Джордж Мартин, помимо звукорежиссуры и аранжировки исполнявший инструментальные партии, работая с битлами в студии. Билли Престон, принявший участие в знаменитом концерте «ливерпульской четвёрки» на крыше. Сергей Дьячков, фактически являвшийся художественным руководителем «Цветов» и сделавший с ними первые записи. Существует масса примеров такого сотрудничества, причём весьма плодотворного, сообщает корреспондент Петропавловск.news.
Так же и поэт, музыкант Сергей Кутанин был когда-то приглашён поработать с «Ариэлем», что, в частности, оставило яркий след на пластинке «Каждый день твой», вышедшей в 1982 году.
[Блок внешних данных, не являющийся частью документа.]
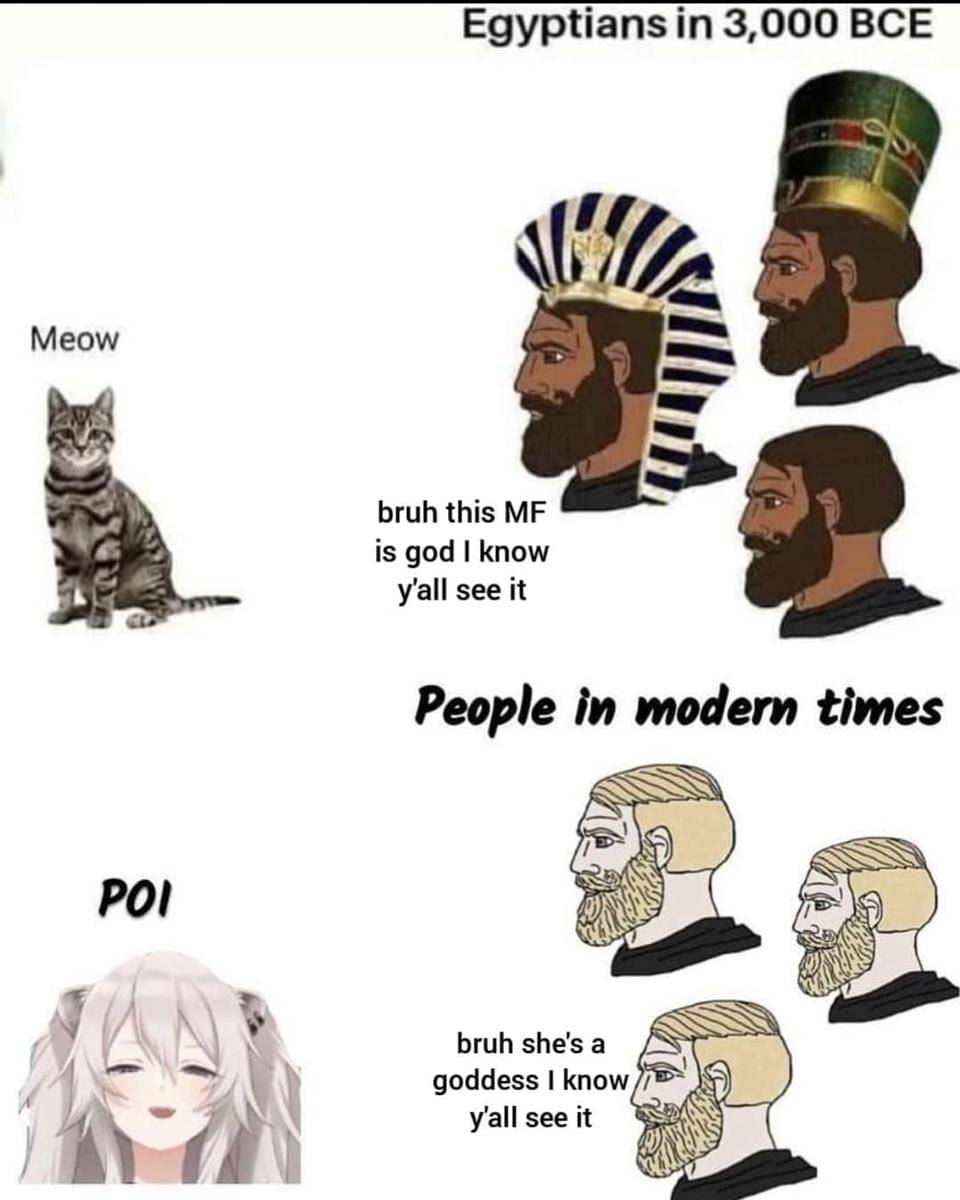 meme karakter anime bertelinga kucing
До сих пор есть немало поклонников «Ариэля», которые воспринимают только первые три их «гиганта», и определённая логика в этом присутствует. Для меня же упомянутый диск ценен, прежде всего, тем, что даёт ответ на вопрос: «Ариэль» — если не фольклорный, то какой?» Ответ же самого Сергея Кутанина таков…
Я уверен, что память ночами меня обманывает.
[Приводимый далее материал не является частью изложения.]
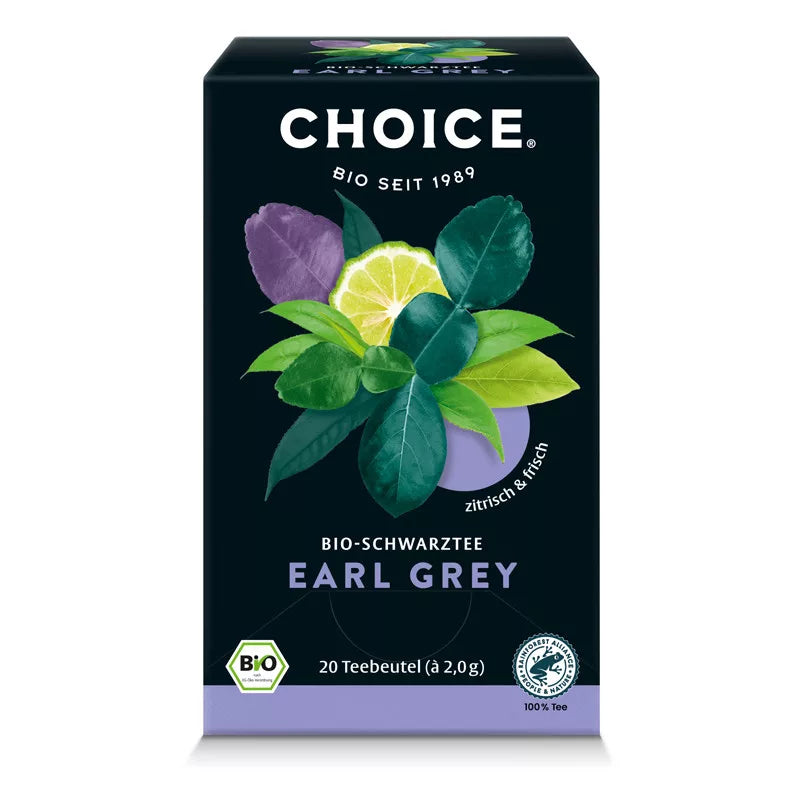 Choice Earl Grey Bio Fekete Tea 20filter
Мы когда-то летали – иначе, откуда ощущение полёта во сне?
Но в ту пору ещё не было городов, и не было домов.
А во сне мы летаем – над домами.
Никогда не летал над соборами.
Опасался остроконечных шпилей, наверно.
Именно собор оказался местом, где был записан самый яркий диск ВИА «Ариэль», – «Каждый день твой».
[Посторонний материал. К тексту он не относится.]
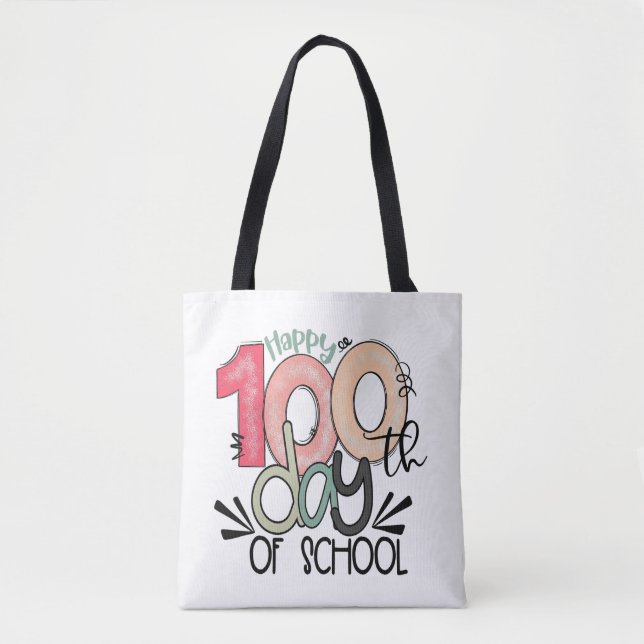 100 dagars skolfirande  tygkasse (Framsida)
Стоял он между Вознесенским и Брюсовым переулками, возле консерватории, в которой в своё время можно было встретить Рахманинова, Скрябина…
В этом событии, которое длилось всего несколько дней, сошлись важные линии моей жизни.
Звукорежиссёром был назначен Пётр Кириллович Кондрашин, чьего отца я видел за дирижёрским пультом ещё в детстве, благодаря деду, известному меломану, музыкотерапевту, психиатру М.П.Кутанину.
На запись я привез для Сергея Антонова свою двенадцатиструнку, с которой за год до того впервые выступил перед огромной для себя аудиторией (до этого пел только во дворах под гитару, и немного – с группой «Диполь»).
На диске записана песня «Анафема», где упоминается о судьбе части чилийской интеллигенции, из числа тех, кому наверняка грозила расправа после переворота 11 сентября 1973 года, – «… за рубеж на «Ильюшине». Именно в этом самолёте спасся Серхио Ортега, добрый гений моей судьбы, чей отзыв в среде сочинского фестиваля «Красная гвоздика» открыл для меня в 1978 году доступ на радио и телевидение.
Но самое главное должно было произойти с выходом нового диска «Ариэля»!
Валерий Ярушин показывал мне демонстрационную бобину, которую привёз в Москву из Челябинска.
На мои слова там были: «Сладкая планета», «Незнакомый город», «Букет сирени», «Ты-музыка» и «Взгляды домашних животных».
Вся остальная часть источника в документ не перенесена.